İslam insanın aklı ile vicdanını barıştırmak, insanı insanla barıştırmak, insanı tabiatla barıştırmak, özetle fıtratı ile barıştırmak için gönderilen bir dindir. Bu 3 barış bizi Allahla barışa götürecektir.
Değilse insan Allahla savaştadır.
Eğer birileri insanların malları, canları, namusları, akılları ve inançları, nesillerini tehdit ediyor ve açık-yakın bir tehlike oluşturuyorsa, o zaman savaş vacib olur..
Suriye hükümeti kendi halkına karşı bir katliam uyguluyor.
Yetmiyor, Türkiyeye karşı teröristlere destek veriyor, o da yetmedi, Türkiyeye karşı filli tecavüzde bulundu.
Nasıl düşürüldüğü tam bilinmemekle birlikte bölgede bir uçağımızı kaybettik..

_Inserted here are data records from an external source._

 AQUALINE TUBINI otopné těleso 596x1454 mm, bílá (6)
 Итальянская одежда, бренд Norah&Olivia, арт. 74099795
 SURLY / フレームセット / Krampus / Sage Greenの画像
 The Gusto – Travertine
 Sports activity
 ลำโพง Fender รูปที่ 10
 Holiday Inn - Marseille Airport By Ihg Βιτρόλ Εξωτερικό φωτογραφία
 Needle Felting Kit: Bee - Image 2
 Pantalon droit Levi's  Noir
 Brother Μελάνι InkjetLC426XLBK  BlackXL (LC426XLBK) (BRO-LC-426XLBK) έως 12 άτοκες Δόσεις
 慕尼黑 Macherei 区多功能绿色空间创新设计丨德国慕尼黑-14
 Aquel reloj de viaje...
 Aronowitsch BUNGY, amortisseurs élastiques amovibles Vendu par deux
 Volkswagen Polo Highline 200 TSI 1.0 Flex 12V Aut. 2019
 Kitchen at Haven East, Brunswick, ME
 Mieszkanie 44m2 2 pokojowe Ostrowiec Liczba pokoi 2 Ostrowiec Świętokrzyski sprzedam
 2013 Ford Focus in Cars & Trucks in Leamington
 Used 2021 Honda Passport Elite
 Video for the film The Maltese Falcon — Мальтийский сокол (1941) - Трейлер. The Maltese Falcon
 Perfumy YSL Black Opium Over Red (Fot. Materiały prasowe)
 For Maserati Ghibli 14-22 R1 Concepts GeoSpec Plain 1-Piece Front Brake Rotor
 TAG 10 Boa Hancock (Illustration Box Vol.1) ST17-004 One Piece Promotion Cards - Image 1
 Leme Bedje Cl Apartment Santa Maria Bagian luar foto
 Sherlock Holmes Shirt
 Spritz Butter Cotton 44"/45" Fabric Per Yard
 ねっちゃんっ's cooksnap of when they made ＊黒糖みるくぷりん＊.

İşte bu bardağı taşıran son damla oldu..
Sınır bölgesinde 10.000den fazla sivil Türkiyeye geçmek için bekliyor.
Peşlerinde ise Muhaberat ve Şebbiha çeteleri..
Havadan ve karadan vuruluyorlar..
Hiç kimse bu katlima ilgisiz ve sessiz kalamaz..
Esed için artık yolun sonu.
Ya ölü ele geçirilecek, ya teslim olacak kendi ülkesinde yargılanacak ya da ülkeyi terkedecek, sonu Uluslararası Ceza Mahkemesi olacak..
Meclis gizli oturumda tezkere olayını görüştü ve yetkiyi aldı.
Her an bir harekat gündeme gelebilir.
Süre bir yıl.
Kapsama alanı, ihtiyaç duyulan her yer.
Yani sadece Suriye değil..
Ülke güvenliğinin gerektirdiği her yer..
Bu bir savaş ilanı değil.
Türkiye seferberlik ilan etmedi. Herhangi bir ülkenin toparğını işgale filan da hazırlanmıyoruz.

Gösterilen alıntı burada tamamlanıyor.